TASK DETAILS ->
The reply should be an exact repeat of the listing, with no pictures in it.

RAW DATA ->
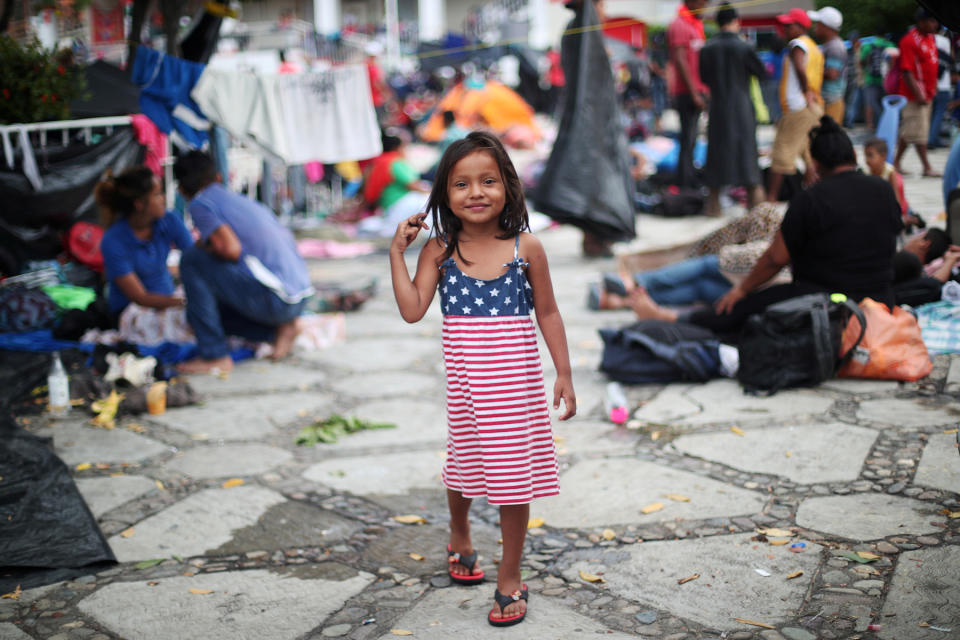 <p>Chelsy Montserrat Maldonado, a 4-year-old migrant girl from Honduras who is part of a caravan of thousands from Central America en route to the U.S., wears a U.S. flag-themed dress in a makeshift camp as they take rest in Tapanatepec, Mexico, Oct. 28, 2018. (Photo: Hannah McKay/Reuters) </p>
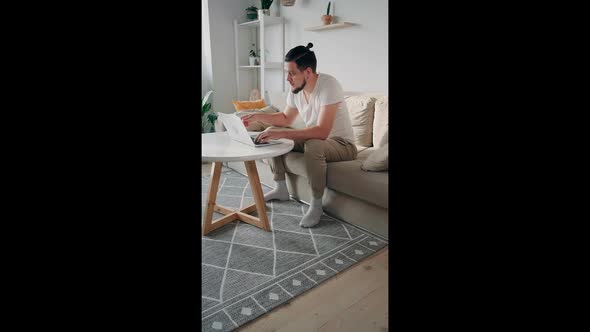 Young Man Using Laptop Typing and Working Sitting on the Couch at Home Vertical Video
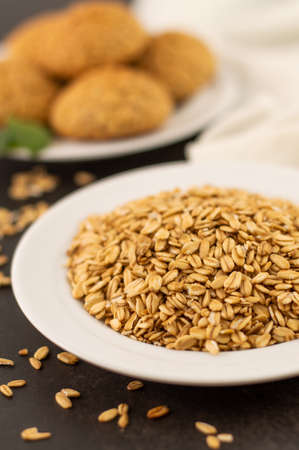 In the foreground, a blurred image of oatmeal in a white plate, in the background oatmeal cookies on...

WRITTEN SOLUTION ->
 <p>Chelsy Montserrat Maldonado, a 4-year-old migrant girl from Honduras who is part of a caravan of thousands from Central America en route to the U.S., wears a U.S. flag-themed dress in a makeshift camp as they take rest in Tapanatepec, Mexico, Oct. 28, 2018. (Photo: Hannah McKay/Reuters) </p>
 Young Man Using Laptop Typing and Working Sitting on the Couch at Home Vertical Video
 In the foreground, a blurred image of oatmeal in a white plate, in the background oatmeal cookies on...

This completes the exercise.